Location: Metairie, La.
1,156 posts, read 1,792,993 times
Reputation: 775
There is an historical reason for marijuana prohibition and for pre-screen and on-the-job drug screening.

First, the United States is and always has been a drug using society. Some of the drugs people used commonly in colonial times would be considered "poison" by today's standards, but in many cases this was all they had. Opium came to the United States by the early 1800s. Later in that century people marketed and sold snake oils or homemade remedies that contained any plethora of today's controlled substances, including cocaine, methedrine, THC, alcohol in all its forms, morphine, as well as various "unknown" substances (given that bottle labels usually kept the ingredients secret, company records indicate which drugs were commonly procured and manufactured into syrups). After emancipation and Reconstruction, an influx of immigration occurred, which included in addition to European and Asian nations, immigrants from Mexico. With them they brought their drug, namely marijuana.

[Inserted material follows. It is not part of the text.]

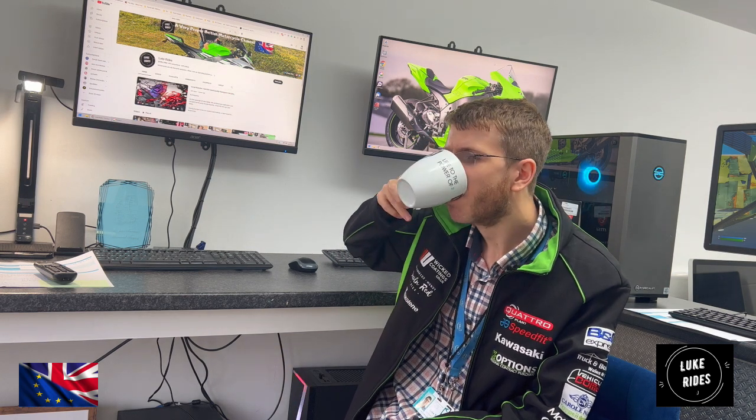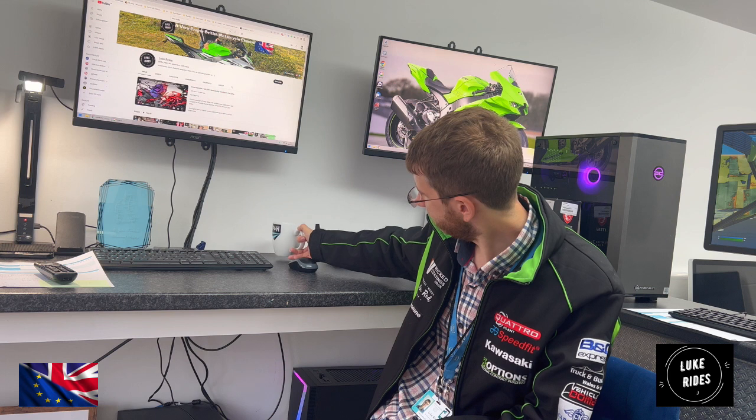And yeah, let's drink a coffee. That's actually a pretty decent coffee.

African Americans, along with Chinese and Mexican immigrants, commonly worked together, especially in building any number of transcontinental railroads (as well as in the timber industry, turpentine production, and as common farm laborers). As these groups mingled, African Americans became exposed to marijuana and began using it. Combined with the racism and stereotypes of the day, along with temperance movements and alcohol reform initiatives, most whites in power feared what they considered a hyper-sexualized African-American male. An African American male on alcohol was bad enough, they reasoned, but they completely didn't understand marijuana. These whites, most whites, feared African Americans would get high on whatever substance and then come rape their wives, daughters, and mothers (any number of newspapers from the 1800s to 1930s contain numerous articles about fears of the black, male rapist).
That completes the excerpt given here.